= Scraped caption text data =

==*==

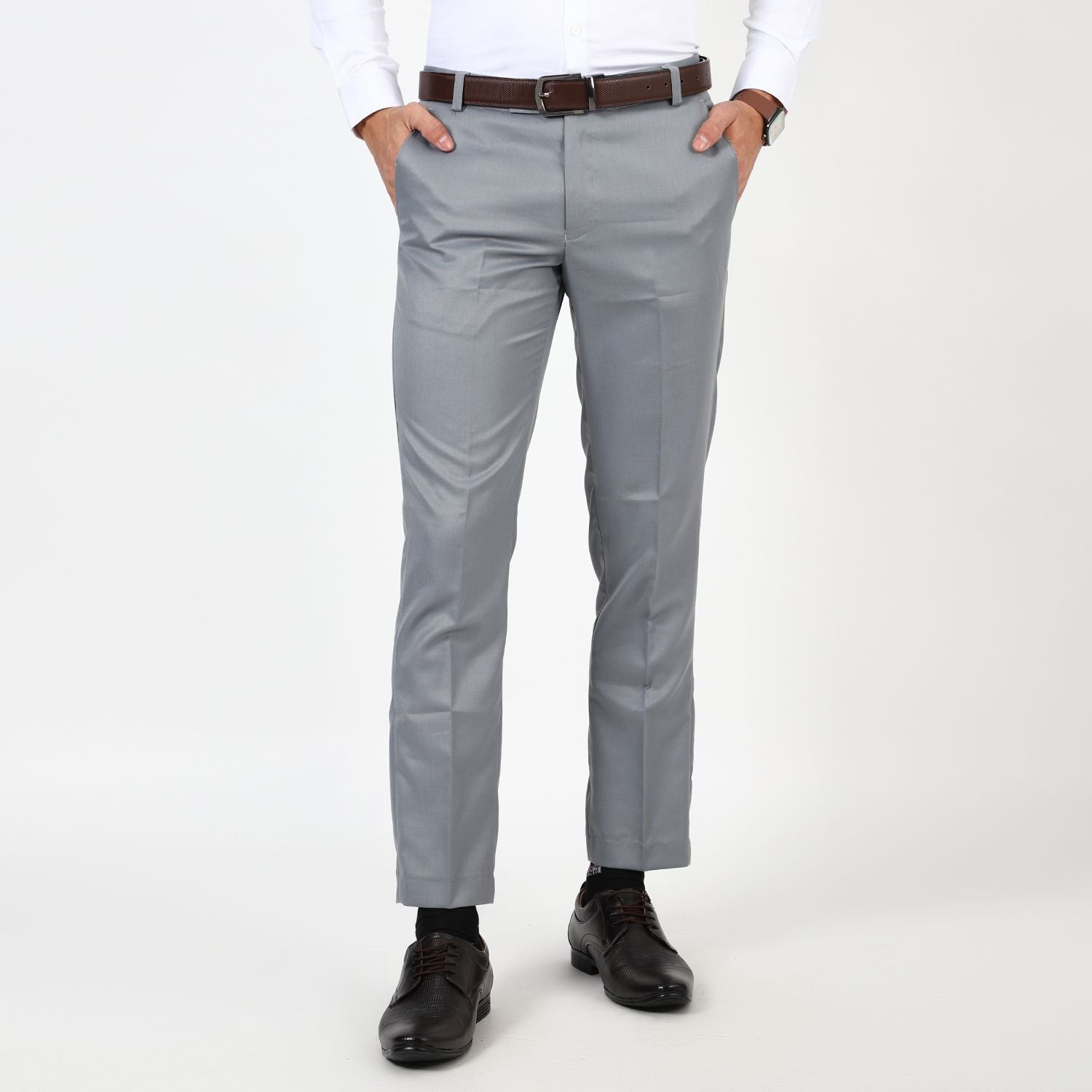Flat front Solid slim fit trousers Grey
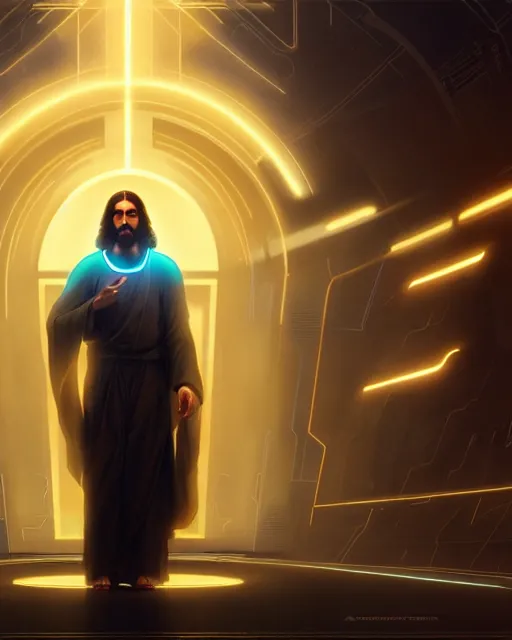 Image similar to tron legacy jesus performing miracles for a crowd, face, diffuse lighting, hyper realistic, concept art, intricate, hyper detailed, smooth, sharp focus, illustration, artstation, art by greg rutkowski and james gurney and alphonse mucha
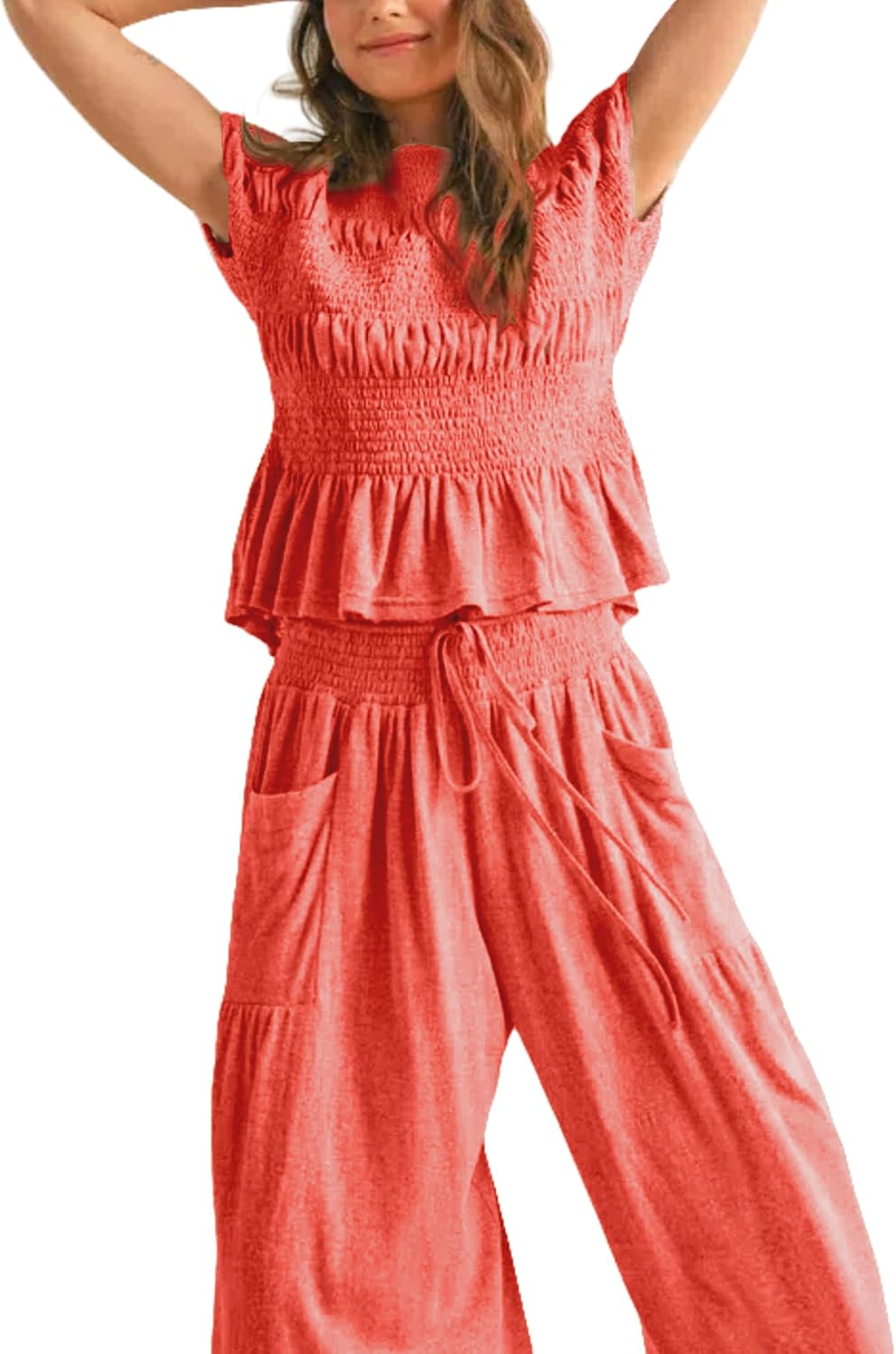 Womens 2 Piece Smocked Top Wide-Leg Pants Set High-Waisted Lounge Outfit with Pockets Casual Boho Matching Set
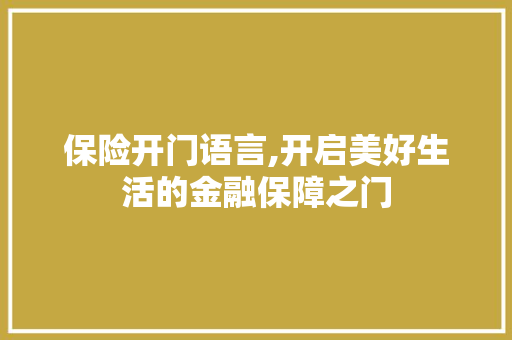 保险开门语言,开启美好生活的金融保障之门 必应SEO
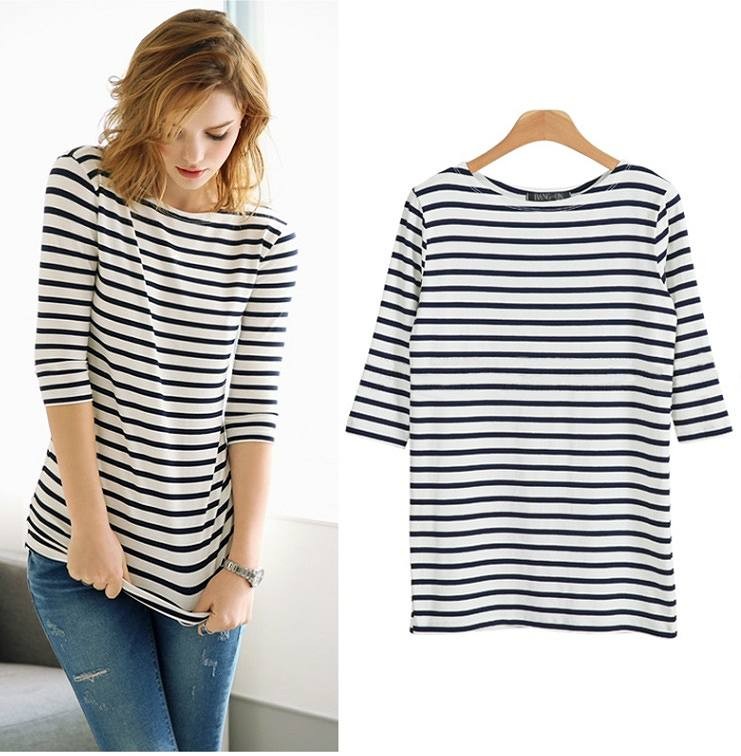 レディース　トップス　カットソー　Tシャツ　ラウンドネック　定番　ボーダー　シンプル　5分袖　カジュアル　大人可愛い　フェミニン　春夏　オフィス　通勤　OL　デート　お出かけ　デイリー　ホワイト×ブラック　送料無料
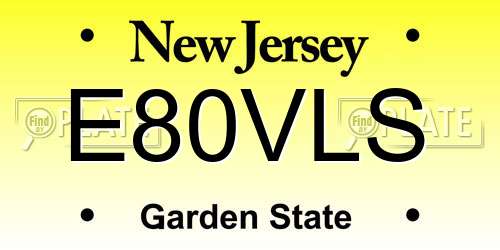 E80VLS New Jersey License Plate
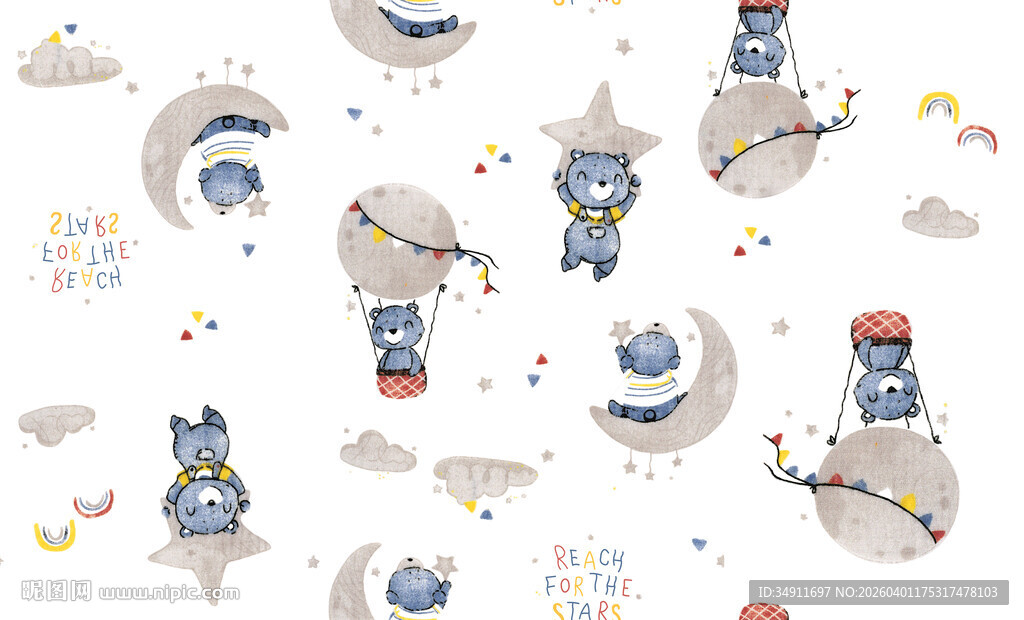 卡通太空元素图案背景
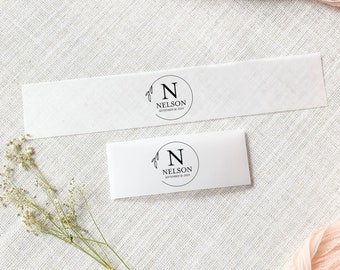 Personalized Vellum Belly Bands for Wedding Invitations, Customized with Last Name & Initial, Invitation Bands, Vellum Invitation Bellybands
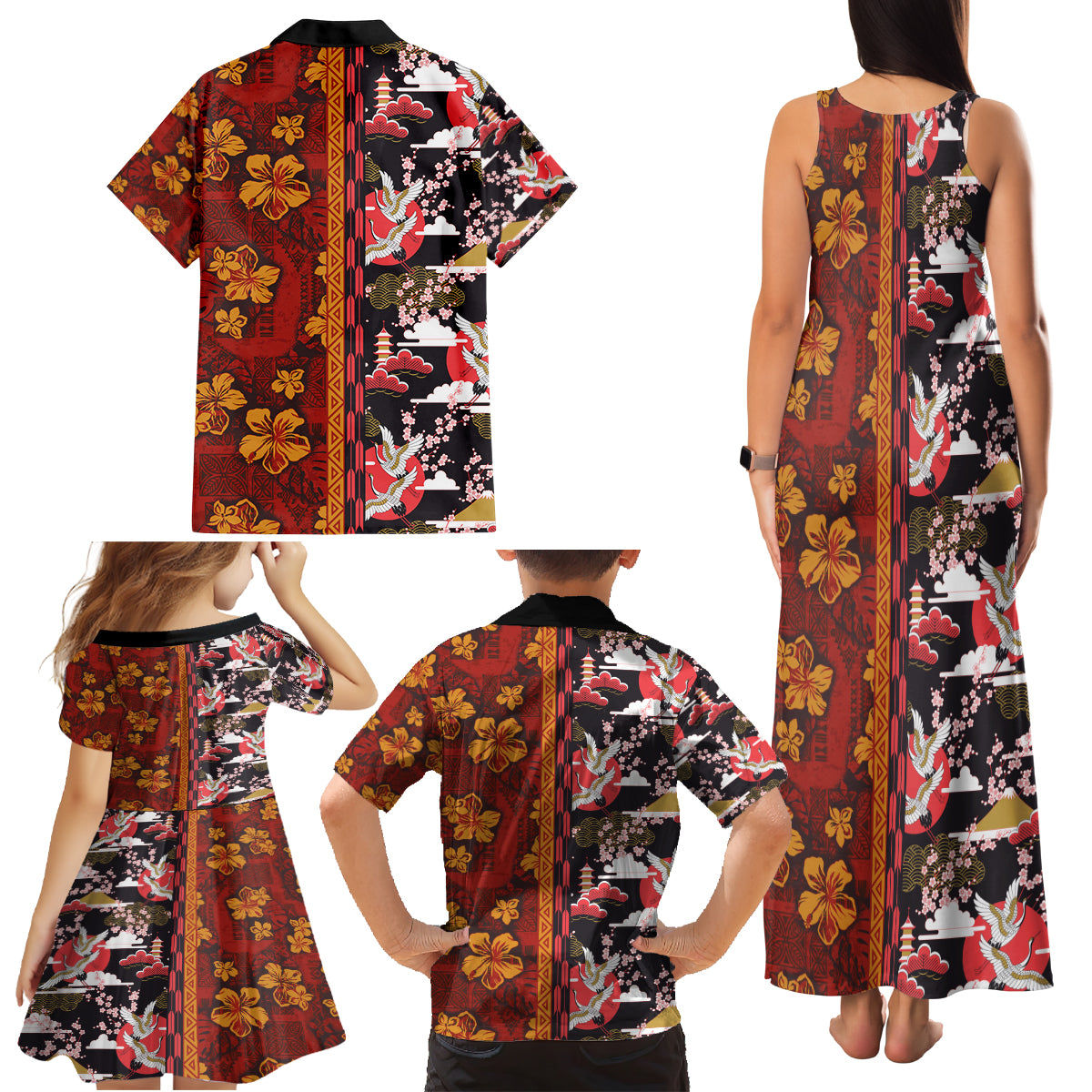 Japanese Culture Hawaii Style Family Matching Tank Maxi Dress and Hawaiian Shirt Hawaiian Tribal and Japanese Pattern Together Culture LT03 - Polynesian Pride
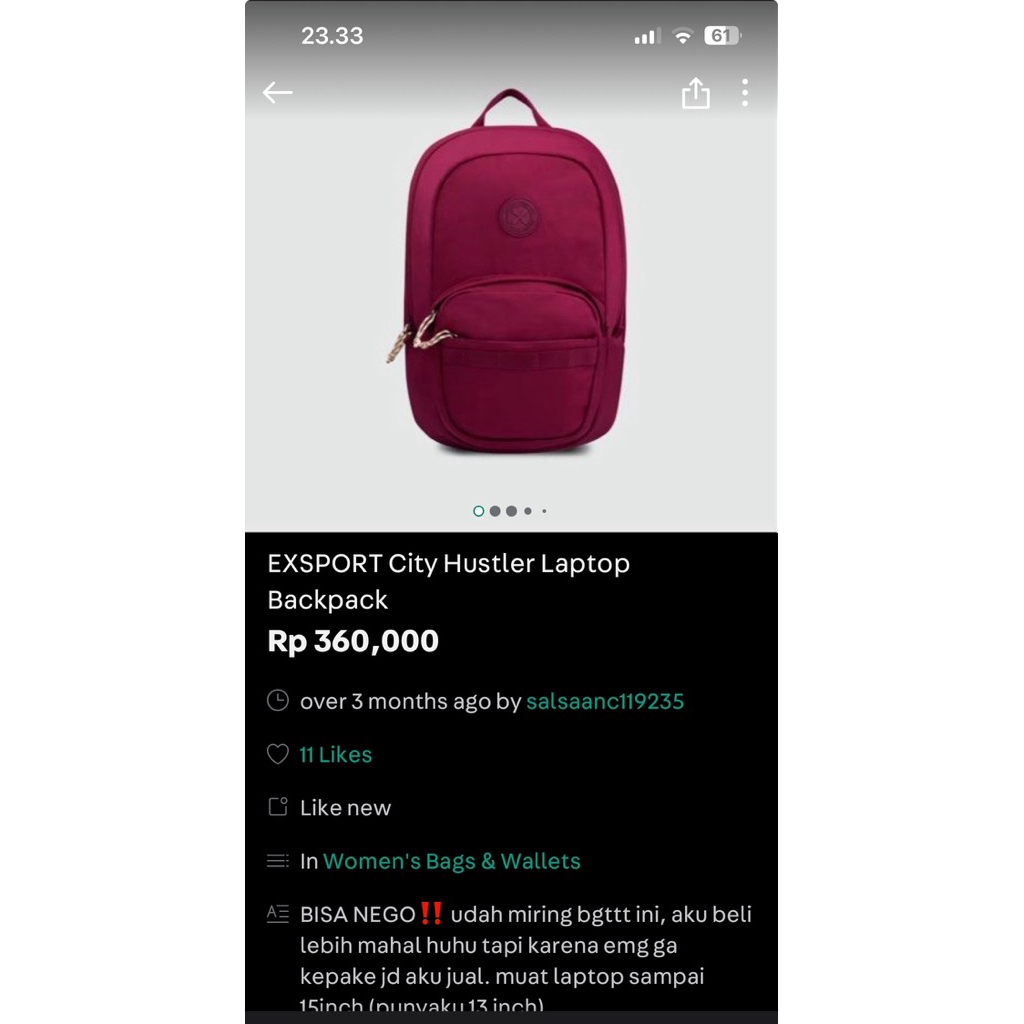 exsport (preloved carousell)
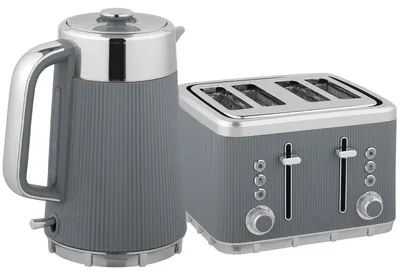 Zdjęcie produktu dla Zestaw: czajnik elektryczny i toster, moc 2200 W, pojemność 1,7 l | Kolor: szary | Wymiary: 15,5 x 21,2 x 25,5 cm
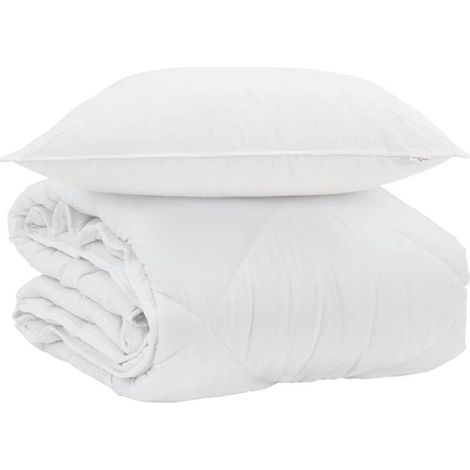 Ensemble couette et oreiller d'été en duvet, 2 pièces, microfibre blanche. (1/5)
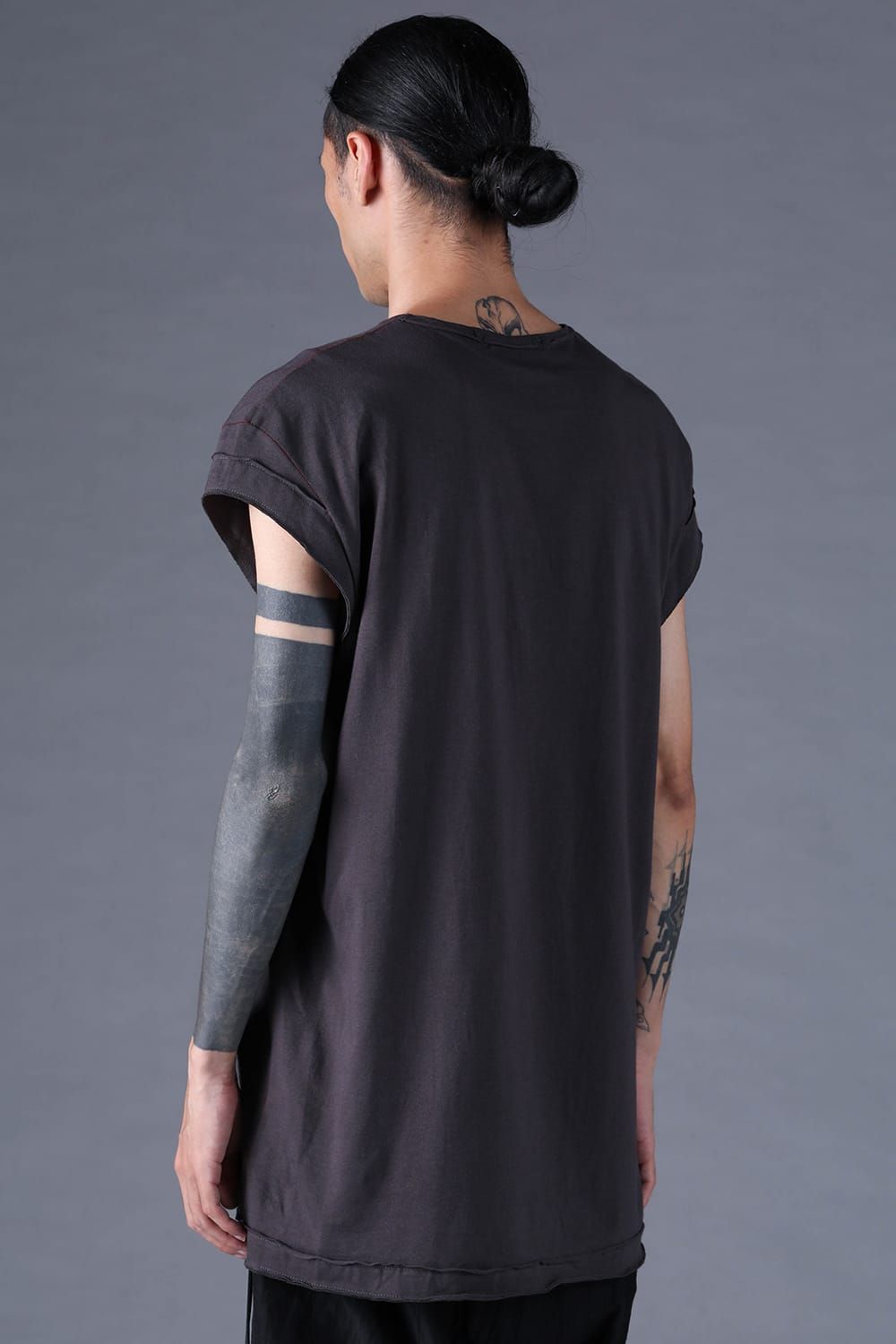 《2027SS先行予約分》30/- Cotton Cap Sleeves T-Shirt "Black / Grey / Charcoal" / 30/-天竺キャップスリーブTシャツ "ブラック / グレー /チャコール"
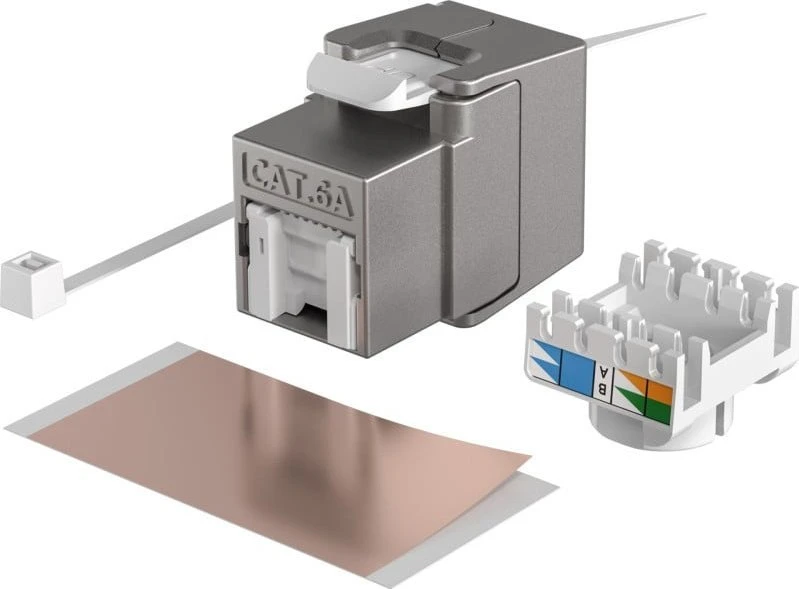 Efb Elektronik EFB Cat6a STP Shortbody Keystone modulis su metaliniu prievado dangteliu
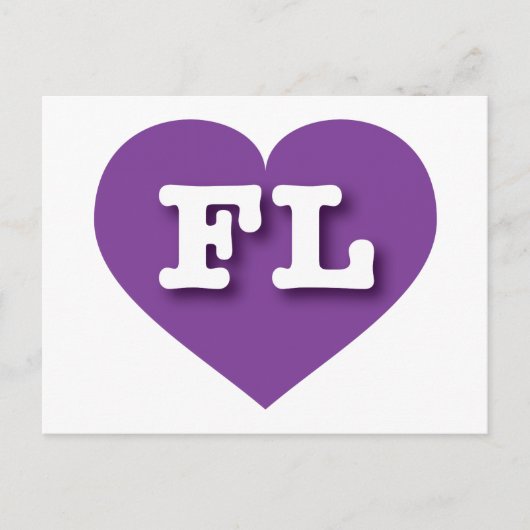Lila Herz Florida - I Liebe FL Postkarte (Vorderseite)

==*==

= Aim of the exercise =
All lines from the one containing "Efb Elektronik EFB" through the final line of the entries above must be restated word for word, pictures excluded.

= Written response =
 Efb Elektronik EFB Cat6a STP Shortbody Keystone modulis su metaliniu prievado dangteliu
Lila Herz Florida - I Liebe FL Postkarte (Vorderseite)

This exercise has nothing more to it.